§ **Excerpted data**:
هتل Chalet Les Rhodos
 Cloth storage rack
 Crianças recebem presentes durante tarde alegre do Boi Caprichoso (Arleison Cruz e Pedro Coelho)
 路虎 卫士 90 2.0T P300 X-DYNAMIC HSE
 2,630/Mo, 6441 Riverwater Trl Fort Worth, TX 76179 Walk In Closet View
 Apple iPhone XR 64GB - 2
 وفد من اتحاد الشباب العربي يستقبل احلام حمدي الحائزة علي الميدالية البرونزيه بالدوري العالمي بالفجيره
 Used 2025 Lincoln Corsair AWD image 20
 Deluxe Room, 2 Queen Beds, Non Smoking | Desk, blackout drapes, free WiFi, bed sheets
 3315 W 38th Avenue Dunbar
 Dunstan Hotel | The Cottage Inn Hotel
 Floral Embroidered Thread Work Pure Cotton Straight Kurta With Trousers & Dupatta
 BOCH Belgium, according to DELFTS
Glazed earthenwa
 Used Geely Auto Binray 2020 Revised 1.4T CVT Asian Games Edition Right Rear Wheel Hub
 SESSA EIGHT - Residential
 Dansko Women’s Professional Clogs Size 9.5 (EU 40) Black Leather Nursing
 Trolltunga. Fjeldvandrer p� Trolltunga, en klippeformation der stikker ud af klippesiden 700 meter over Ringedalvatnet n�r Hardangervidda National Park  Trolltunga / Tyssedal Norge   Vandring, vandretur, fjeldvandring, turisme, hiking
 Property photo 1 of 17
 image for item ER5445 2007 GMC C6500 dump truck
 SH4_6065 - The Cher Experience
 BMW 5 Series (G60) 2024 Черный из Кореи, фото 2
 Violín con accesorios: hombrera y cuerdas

§ **Work required**: Go through the records and set each one down again, unchanged.

§ **Exercise response**:
هتل Chalet Les Rhodos
 Cloth storage rack
 Crianças recebem presentes durante tarde alegre do Boi Caprichoso (Arleison Cruz e Pedro Coelho)
 路虎 卫士 90 2.0T P300 X-DYNAMIC HSE
 2,630/Mo, 6441 Riverwater Trl Fort Worth, TX 76179 Walk In Closet View
 Apple iPhone XR 64GB - 2
 وفد من اتحاد الشباب العربي يستقبل احلام حمدي الحائزة علي الميدالية البرونزيه بالدوري العالمي بالفجيره
 Used 2025 Lincoln Corsair AWD image 20
 Deluxe Room, 2 Queen Beds, Non Smoking | Desk, blackout drapes, free WiFi, bed sheets
 3315 W 38th Avenue Dunbar
 Dunstan Hotel | The Cottage Inn Hotel
 Floral Embroidered Thread Work Pure Cotton Straight Kurta With Trousers & Dupatta
 BOCH Belgium, according to DELFTS
Glazed earthenwa
 Used Geely Auto Binray 2020 Revised 1.4T CVT Asian Games Edition Right Rear Wheel Hub
 SESSA EIGHT - Residential
 Dansko Women’s Professional Clogs Size 9.5 (EU 40) Black Leather Nursing
 Trolltunga. Fjeldvandrer p� Trolltunga, en klippeformation der stikker ud af klippesiden 700 meter over Ringedalvatnet n�r Hardangervidda National Park  Trolltunga / Tyssedal Norge   Vandring, vandretur, fjeldvandring, turisme, hiking
 Property photo 1 of 17
 image for item ER5445 2007 GMC C6500 dump truck
 SH4_6065 - The Cher Experience
 BMW 5 Series (G60) 2024 Черный из Кореи, фото 2
 Violín con accesorios: hombrera y cuerdas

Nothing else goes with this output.